→ Directions for this task:
Leave out the images and repeat the listing below without a single change.

→ Information provided:
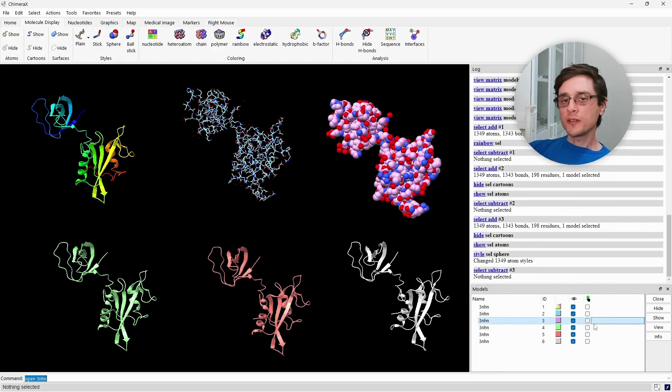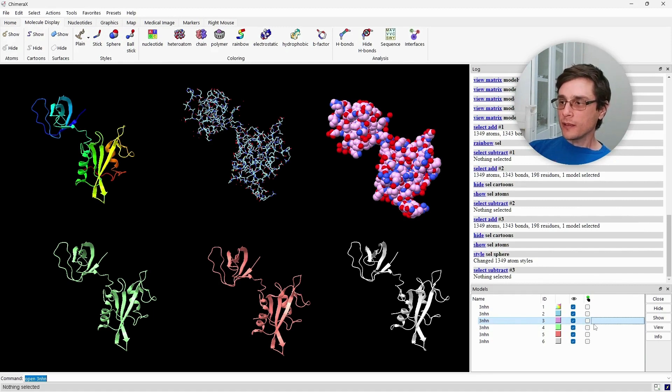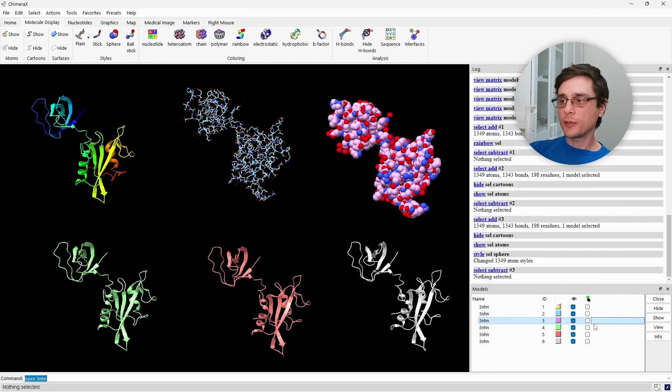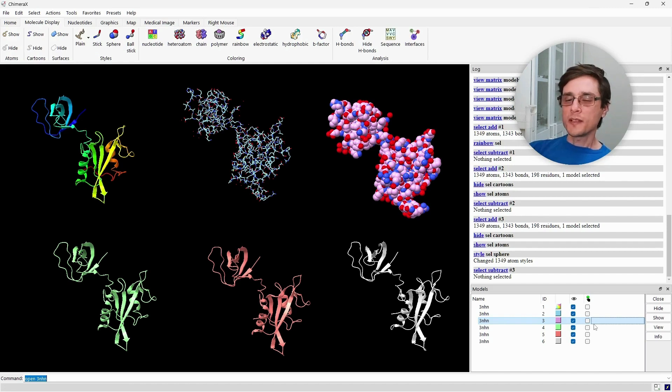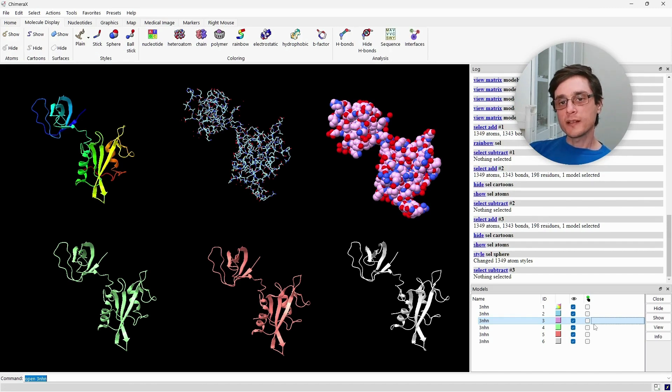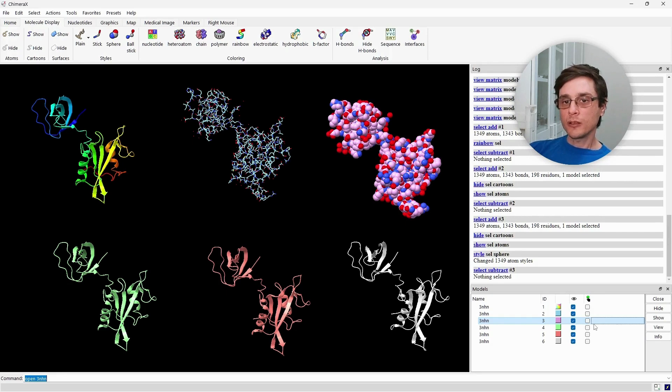The sphere representation gets us an idea of how much space different parts of the protein take. For example, it shows us cavities where ligands can bind or surfaces that come in contact between monomers.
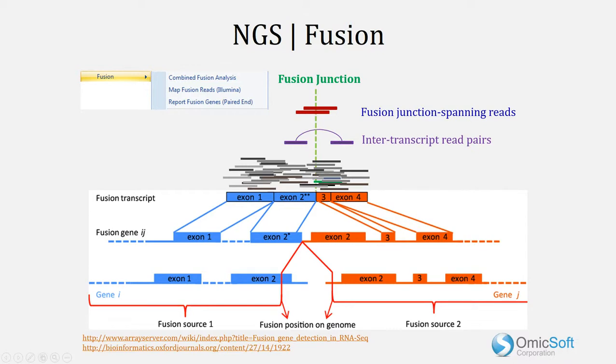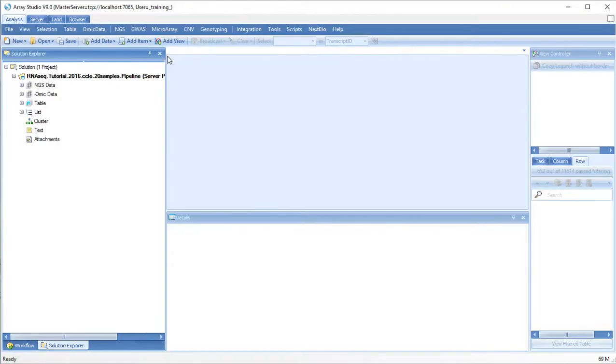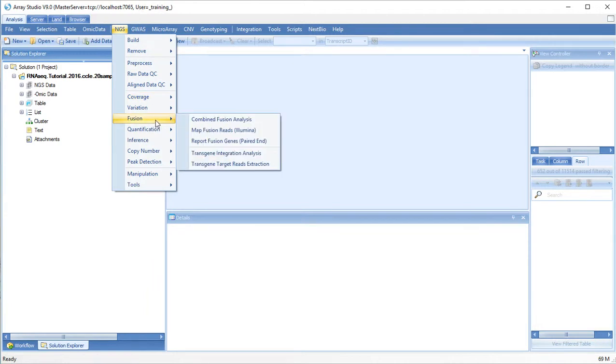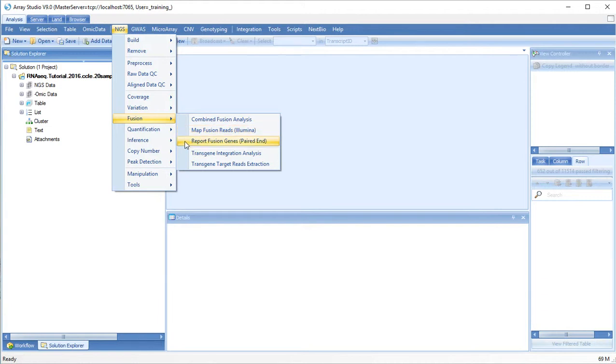The RNA-seq pipeline will automatically run fusion map analysis for single-end reads and combined fusion analysis for paired-end reads. Fusion analysis modules can be found under NGS-Fusion. You can run combined fusion analysis or only the fusion map analysis or to report paired-end fusion genes.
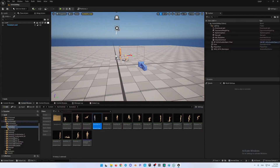Hi guys! Today I will tell you how I am animating the poses which came from the DAZ Studio in Unreal 5.5 on the Genesis 9 Skeleton.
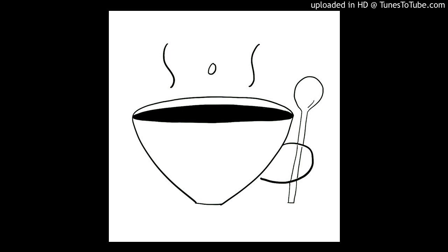This glomerulus that we're talking about basically has one job, and it's to act as a sieve. The job is to keep in the big stuff — keep the proteins in the blood — and to let go of the water and the solutes and kind of let the tubules do the rest.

→ Task response:
The sphere representation gets us an idea of how much space different parts of the protein take. For example, it shows us cavities where ligands can bind or surfaces that come in contact between monomers.
The RNA-seq pipeline will automatically run fusion map analysis for single-end reads and combined fusion analysis for paired-end reads. Fusion analysis modules can be found under NGS-Fusion. You can run combined fusion analysis or only the fusion map analysis or to report paired-end fusion genes.
Hi guys! Today I will tell you how I am animating the poses which came from the DAZ Studio in Unreal 5.5 on the Genesis 9 Skeleton.
This glomerulus that we're talking about basically has one job, and it's to act as a sieve. The job is to keep in the big stuff — keep the proteins in the blood — and to let go of the water and the solutes and kind of let the tubules do the rest.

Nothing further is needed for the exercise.